In parallel with the fundamental shift of traditional computing to Cognitive Computing, an intensely promising and radically new way of computing is also emerging: Quantum Computing. While Cognitive Computing systems are built on the same types of silicon transistors that have underpinned traditional computing for half a century, Quantum Computing harnesses the unique and non-intuitive properties of quantum devices to compute in entirely new ways that will allow us to solve problems that would be otherwise intractable.
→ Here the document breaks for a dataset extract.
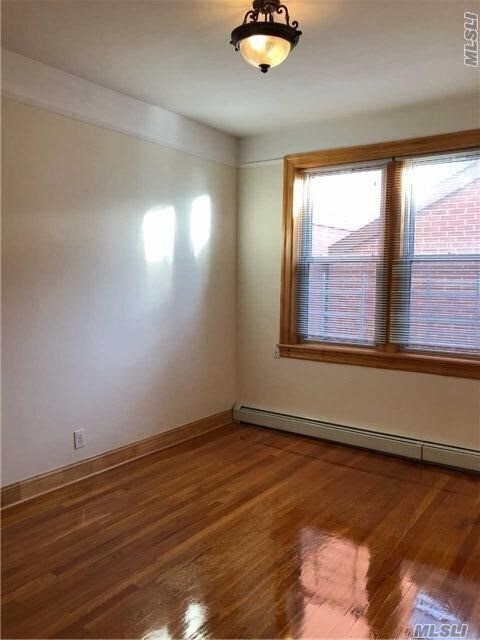 Foto del edificio - 42-10 23rd Ave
While quantum technology is still nascent, it is now in an exciting and formative stage that is simultaneously pushing the boundaries of both physics and information technology.

Together, Cognitive Computing and Quantum Computing represent new frontiers of information technology and promise to usher in an era of unprecedented advances in the power of technology to tackle the world's toughest problems.
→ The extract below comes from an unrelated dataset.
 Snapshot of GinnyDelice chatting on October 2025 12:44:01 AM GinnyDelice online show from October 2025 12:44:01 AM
Bio: Dr. Gil is a leading technologist and senior executive at IBM. As Vice President of Science and Solutions of IBM Research, Dr. Gil directs a global organization of ~1,500 researchers across 11 laboratories. He has direct responsibility for IBM’s science agenda, with a broad portfolio of activities spanning the physical sciences, the mathematical sciences, healthcare, and the life sciences. Dr. Gil is also responsible for IBM’s cognitive solutions research agenda, which aims to create scientific and technological breakthroughs to differentiate IBM’s solutions businesses and serves as an incubator for future cognitive industry solutions for IBM and its clients. Prior to his current position, Dr. Gil was the Director of Symbiotic Cognitive Systems, where he led the creation of cognitive environments, highly interactive physical spaces designed to improve the quality of decision-making through always-on ambient intelligence. During his tenure he was responsible for the design and creation of three pioneering laboratories and experiential centers: the Cognitive Environments Laboratory, the IBM Research THINK Lab and the IBM Watson Experience Center. Dr. Gil is a passionate advocate of collaborative research business models and is the creator and Founding Director of two research consortia: the IBM Research Frontiers Institute and the Smarter Energy Research Institute. An expert in the field of nanofabrication, he led the team that built the world's first microprocessor with immersion lithography in 2004. Dr. Gil is a frequent speaker at business events, conferences (including TED), universities, research institutions and foundations. His research results have appeared in over 20 international journals and conferences and he is the author of numerous patents. Dr. Gil is a member of the Future Trends Forum, the Industrial Advisory Group of the Institute of Photonic Sciences, and an elected member of the IBM Academy of Technology. He received his Ph.D. in Electrical Engineering and Computer Science from the Massachusetts Institute of Technology.